Esther: I have a quick question for Martin, actually, two-part question. First of all, we've heard a lot about women and Arvanitika and the roles set out for women, but Rotwelsch, the impression I have from listening to you speak so far, Martin, is that it was almost entirely a male language. So were there female speakers of Rotwelsch? Female users of Rotwelsch? And then based on what Peter just said, were the speakers of Rotwelsch aware of how strongly Jewish it was, how Yiddish and how Hebrew it was? Or were they like the inhabitants of the Gulag that Peter has mentioned, who might not even have known the basis of the language that they considered their own secret language.

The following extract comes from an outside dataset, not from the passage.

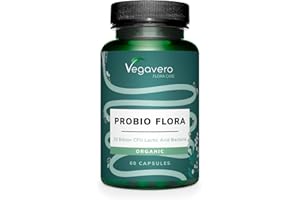 Vegavero Fermenti Lattici Probiotici BIO | con Fibra di Acacia Biologica | per Flora Intestinale e Microbioma | Fermenti dalla Germania | Vegan | 60 capsule Gastroresistenti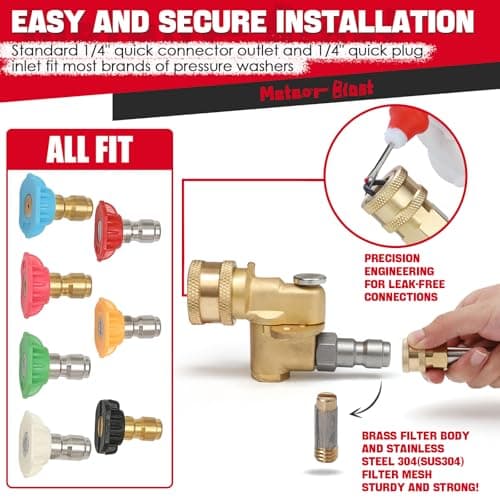 Heavy-Duty Meteor Blast 120° Pivoting Coupler, 5 Angles, Stainless Steel Safety Lock, 5000PSI, 1/4" Quick Connect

Martin: Thank you for both these questions. Fascinating the second. I have to admit, I hadn't even thought of it that much, but I think you're right, because I think, that is, that they may not have been that aware of it, because I think where the Yiddish identity of this, where I see it most strongly in the archive is on the part of the often antisemitic enemies of this language. So they will be saying, in a sense, you could say the language is perfect for an anti-Semite because it associates somehow through the Yiddish influence, Jewishness, and underground and thievery. And so this is what we've been saying all along, all Jews are thieves, so this is in a sense what antisemites made of it. So they really, they spoke of it as a Jewish language, the antisemites, and used that as to prosecute the language. Whereas in fact, I mean, it has this very interesting and fascinating complicated relationship to Yiddish and Hebrew, as spoken in Central Europe, but the speakers were not ethnically identified. So I, and I think that they were probably, therefore, not as aware of that, though, some may have been, and I've somehow lost track of your first question, I'm sorry.

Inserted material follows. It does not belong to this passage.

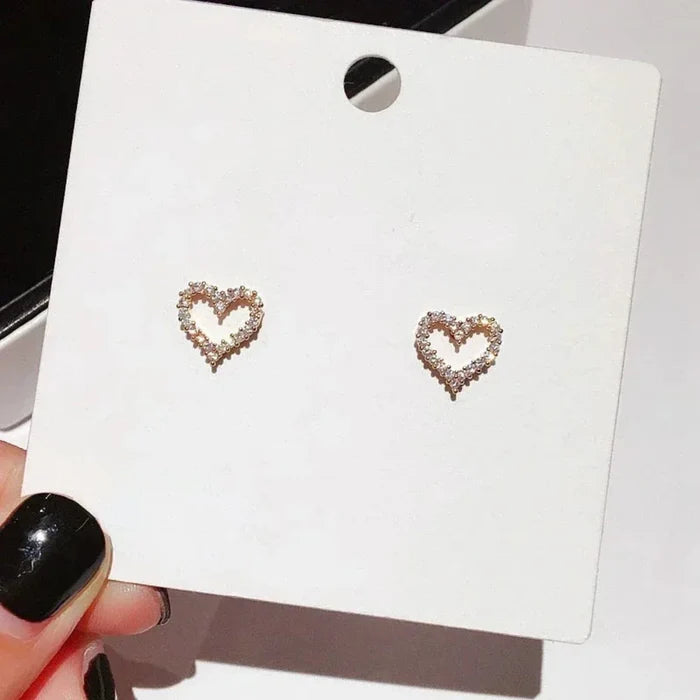 Heart-shaped Sparkling Stud Earrings: silver, clear/white heart, delicate, minimalist, romantic style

Esther: About women, did women—

Martin: Oh yes, so no, it's very hard to actually pinpoint who spoke it when and it at what, because it was only, it was only a spoken language, but absolutely, even in the scant record, there are women. It is basically, it represents who was on the, who was in the itinerant underground. And there were, yes, there is sort of the figure of the, the male hobo or the male apprentice or the male discerner who sort of strikes out and wanders the road and sort of makes due. So there's that figure. And in some sense, that's maybe a dominant figure, but I also came across it, I write about that because I did, that is something I did think about, is this an entirely male thing, and no, not at all. So there are some times you had whole families who were on the road together speaking, and I have records of that. And there are also times, the more, it's many, the speaker, it's this language that existed for like five, 600 years. So, and it particularly thrives during times of upheaval. So for example, in the aftermath of the 30 Years War, there were lots of, there's a lot of displacements and a lot of refugees, internal refugees, because Central Europe had been the center of this 30 Years War. And so you have groups of 50, even a hundred people living together, men, women, children, speaking this language. So absolutely, it's also, and then when it goes into the underground, the underground milieus of the big cities like Vienna or Prague, or Berlin, you have women associated with, with sex workers, speaking that, the language trickling into that milieu, so yes, absolutely. It's not a male language, even though I through these family accidents, learned it from an uncle, and I'm joking that it's an uncle language. It's in fact, there are, there are women who spoke it, and that became important for me that I looked for that.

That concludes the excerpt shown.